Ho raccontato i fatti dell’ultimo trentennio, e i giudizi che molti studiosi hanno dato su di essi. Fra questi giudizi segnalo quello dello storico Miguel Gotor (“L’Italia del Novecento”, Einaudi 2019) che documenta come la tv e alcune trasmissioni in particolare abbiano contribuito a creare il sentimento anti-casta e antipolitico che è all’origine di ogni populismo.
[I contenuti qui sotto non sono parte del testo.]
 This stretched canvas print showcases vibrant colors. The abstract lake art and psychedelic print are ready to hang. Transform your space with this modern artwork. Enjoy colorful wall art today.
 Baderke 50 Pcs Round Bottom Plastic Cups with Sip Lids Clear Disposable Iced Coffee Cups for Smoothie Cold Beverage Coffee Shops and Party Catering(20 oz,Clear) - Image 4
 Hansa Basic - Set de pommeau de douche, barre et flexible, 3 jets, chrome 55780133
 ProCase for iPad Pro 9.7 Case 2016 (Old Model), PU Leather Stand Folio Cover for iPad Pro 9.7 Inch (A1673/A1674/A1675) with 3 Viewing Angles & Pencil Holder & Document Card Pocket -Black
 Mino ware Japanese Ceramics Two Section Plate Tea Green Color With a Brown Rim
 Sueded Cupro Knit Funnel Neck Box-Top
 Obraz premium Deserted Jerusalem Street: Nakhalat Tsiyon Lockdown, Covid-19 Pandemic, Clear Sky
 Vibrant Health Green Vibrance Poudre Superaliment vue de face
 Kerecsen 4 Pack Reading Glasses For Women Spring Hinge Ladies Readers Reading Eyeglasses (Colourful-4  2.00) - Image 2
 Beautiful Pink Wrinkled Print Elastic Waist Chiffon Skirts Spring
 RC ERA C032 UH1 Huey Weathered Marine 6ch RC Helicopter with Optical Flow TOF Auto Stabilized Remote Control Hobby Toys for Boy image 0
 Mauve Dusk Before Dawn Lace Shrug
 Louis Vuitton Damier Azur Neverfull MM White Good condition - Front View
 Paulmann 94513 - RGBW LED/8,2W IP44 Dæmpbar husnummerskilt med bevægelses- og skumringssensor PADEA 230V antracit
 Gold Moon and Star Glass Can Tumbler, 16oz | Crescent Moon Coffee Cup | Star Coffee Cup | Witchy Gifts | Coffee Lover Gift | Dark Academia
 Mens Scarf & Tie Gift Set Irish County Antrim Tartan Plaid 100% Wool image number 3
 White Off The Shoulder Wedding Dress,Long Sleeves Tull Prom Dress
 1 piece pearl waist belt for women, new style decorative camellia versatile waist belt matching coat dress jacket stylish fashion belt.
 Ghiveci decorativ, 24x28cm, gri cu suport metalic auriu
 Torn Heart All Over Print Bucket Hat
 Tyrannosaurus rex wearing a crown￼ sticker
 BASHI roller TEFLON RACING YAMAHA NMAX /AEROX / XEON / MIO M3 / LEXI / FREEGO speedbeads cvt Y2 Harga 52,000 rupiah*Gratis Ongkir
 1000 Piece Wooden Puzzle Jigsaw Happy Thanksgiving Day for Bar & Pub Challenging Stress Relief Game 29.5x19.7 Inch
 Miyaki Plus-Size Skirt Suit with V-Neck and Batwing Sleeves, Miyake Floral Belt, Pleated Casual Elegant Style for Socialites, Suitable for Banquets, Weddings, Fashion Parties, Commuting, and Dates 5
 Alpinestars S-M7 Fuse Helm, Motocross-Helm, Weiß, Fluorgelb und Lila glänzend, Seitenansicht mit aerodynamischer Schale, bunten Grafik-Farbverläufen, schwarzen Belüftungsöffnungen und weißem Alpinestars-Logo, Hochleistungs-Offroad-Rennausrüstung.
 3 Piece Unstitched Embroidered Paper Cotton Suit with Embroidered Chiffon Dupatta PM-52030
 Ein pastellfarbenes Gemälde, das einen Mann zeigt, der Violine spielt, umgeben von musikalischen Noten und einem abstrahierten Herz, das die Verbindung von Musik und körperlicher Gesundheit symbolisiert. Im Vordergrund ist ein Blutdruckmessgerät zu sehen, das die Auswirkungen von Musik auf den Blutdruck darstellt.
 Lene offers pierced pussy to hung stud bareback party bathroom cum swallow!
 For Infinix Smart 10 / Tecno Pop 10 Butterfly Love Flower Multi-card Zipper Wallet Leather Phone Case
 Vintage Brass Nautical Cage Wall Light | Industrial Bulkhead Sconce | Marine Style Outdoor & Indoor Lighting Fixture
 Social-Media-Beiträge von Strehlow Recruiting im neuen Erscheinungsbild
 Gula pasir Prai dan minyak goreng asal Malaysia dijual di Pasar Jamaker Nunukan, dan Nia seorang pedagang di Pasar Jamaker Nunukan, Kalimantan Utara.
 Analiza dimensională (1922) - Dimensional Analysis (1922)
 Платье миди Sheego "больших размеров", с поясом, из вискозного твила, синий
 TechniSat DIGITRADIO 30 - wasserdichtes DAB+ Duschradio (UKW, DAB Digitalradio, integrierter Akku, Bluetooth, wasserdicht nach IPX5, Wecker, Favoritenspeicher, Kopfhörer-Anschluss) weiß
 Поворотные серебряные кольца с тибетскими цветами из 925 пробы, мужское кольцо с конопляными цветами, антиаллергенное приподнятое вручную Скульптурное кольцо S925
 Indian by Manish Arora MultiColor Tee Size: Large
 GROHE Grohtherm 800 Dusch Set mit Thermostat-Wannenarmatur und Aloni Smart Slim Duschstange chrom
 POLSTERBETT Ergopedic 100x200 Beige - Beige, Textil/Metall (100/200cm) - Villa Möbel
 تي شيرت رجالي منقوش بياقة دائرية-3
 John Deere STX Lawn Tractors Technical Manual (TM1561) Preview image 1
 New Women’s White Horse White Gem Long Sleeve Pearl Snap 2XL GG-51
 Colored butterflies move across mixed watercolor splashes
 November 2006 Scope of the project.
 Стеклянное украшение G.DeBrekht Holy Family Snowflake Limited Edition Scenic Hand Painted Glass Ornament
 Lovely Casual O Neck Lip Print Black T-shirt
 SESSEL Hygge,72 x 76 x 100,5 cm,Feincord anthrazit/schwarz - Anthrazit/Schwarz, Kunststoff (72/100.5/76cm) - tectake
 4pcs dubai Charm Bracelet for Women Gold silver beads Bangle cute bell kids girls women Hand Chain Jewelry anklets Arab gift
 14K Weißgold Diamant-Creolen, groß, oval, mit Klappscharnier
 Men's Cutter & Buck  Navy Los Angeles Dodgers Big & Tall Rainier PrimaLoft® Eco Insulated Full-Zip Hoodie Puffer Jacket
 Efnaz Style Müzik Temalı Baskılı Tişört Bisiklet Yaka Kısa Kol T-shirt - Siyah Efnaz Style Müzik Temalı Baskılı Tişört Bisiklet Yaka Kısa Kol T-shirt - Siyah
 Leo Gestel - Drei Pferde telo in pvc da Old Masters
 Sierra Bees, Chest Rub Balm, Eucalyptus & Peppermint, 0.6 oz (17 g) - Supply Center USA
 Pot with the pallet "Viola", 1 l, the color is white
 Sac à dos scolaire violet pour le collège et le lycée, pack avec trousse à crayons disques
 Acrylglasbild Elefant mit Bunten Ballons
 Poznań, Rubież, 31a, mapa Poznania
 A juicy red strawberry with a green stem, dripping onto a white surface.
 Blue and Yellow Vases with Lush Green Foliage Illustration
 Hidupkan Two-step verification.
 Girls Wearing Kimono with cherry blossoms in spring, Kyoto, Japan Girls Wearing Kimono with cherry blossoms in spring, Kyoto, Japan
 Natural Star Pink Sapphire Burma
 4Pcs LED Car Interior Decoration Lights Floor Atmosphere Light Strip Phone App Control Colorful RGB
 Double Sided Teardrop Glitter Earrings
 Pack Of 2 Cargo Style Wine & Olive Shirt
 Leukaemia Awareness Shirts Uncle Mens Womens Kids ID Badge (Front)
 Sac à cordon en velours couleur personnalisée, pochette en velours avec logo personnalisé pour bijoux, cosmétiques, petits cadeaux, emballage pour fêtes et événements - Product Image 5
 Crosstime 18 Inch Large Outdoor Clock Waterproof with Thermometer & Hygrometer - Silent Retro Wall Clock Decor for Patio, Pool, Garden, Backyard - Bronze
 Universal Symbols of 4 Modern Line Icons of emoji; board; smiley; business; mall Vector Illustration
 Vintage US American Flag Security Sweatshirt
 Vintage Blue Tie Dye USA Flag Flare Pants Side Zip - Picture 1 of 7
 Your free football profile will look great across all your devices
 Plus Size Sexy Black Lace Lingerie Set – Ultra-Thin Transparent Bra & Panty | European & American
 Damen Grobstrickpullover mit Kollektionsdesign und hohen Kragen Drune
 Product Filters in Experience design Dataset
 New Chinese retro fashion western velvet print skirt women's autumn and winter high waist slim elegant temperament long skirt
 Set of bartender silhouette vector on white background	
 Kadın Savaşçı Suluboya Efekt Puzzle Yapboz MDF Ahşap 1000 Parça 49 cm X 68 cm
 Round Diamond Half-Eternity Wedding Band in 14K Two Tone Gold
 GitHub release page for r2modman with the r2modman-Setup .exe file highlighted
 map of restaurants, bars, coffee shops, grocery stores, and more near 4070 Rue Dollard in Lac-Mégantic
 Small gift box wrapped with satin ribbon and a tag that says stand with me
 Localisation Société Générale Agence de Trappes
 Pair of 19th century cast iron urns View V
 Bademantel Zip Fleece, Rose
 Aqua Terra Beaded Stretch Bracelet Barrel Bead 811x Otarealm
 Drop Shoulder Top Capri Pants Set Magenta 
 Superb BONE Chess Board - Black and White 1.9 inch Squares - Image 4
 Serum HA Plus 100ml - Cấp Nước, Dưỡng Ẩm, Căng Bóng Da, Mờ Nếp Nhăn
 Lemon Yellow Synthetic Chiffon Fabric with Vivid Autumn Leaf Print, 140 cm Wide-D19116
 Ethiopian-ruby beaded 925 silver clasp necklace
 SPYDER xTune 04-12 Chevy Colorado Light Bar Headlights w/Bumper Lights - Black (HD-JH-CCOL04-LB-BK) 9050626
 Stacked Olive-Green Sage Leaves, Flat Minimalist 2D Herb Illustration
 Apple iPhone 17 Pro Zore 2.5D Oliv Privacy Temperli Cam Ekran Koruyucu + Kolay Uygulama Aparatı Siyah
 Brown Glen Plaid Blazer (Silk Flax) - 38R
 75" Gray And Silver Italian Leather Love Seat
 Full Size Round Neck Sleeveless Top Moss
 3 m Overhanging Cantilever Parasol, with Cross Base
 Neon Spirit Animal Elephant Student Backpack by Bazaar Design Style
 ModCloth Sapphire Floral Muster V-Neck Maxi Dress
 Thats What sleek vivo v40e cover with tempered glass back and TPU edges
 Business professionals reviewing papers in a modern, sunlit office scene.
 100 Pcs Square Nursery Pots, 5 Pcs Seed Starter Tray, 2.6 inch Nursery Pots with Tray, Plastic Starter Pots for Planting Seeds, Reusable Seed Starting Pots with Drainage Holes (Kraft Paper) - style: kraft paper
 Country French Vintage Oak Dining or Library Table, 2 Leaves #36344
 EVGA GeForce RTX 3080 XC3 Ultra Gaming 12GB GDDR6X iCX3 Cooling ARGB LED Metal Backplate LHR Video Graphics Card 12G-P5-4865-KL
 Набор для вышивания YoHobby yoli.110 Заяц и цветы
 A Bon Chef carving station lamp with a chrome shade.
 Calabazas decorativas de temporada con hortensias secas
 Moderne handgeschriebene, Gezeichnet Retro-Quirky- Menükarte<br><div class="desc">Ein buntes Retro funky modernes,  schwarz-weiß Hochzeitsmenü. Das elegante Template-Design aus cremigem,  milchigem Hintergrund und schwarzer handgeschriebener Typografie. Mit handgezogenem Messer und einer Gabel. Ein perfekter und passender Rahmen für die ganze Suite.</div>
Non solo conosco l’ironia e i detournements di Striscia, ma apprezzo alcuni dei suoi simpaticissimi conduttori. Quello che io racconto è che la tv, sia nelle sue forme satiriche che in quelle giornalistiche, ha per decenni lisciato il pelo al Popolo -come se fosse un’entità pura e assoluta – contro tutto ciò che si trova più in alto. Ha eccitato sentimenti di invidia sociale e di rancore verso le ingiustizie.
Non si tratta di un giudizio denigratorio, perché, come racconto, la responsabilità fondamentale del sentimento populista è della stessa politica, della sua incapacità ad aprirsi e a innovarsi, sempre più indifferente ai valori e ai fondamenti morali. Ma c’è anche una responsabilità della televisione, che ha assunto, a partire da chi l’ha concretamente fatta, come paradigma dominante l’antipolitica.
Quanto al fatto che non cito Michele Santoro, perché è di sinistra, voglio far osservare che cito quelli che oggi sono sulla scena – come Giovanni Floris o Corrado Formigli – che non mi sembra siano da considerare di destra. Il genere televisivo antipolitico è andato per la maggiore, da sinistra a destra, negli ultimi decenni, ha contribuito a lanciare nuovi leader, veri o presunti tali, e a coltivare umori profondi della pancia del Paese.
Confesso che non ho letto “Me tapiro” di Antonio Ricci. La capacità di «aizzare le curve» – come voi sostenete – mi sembra tuttavia largamente applicabile a tanti altri anchorman (e a qualche anchorwoman) della tv pubblica e di quella privata e anche, pur col sorriso beffardo, a molti servizi di Striscialanotizia.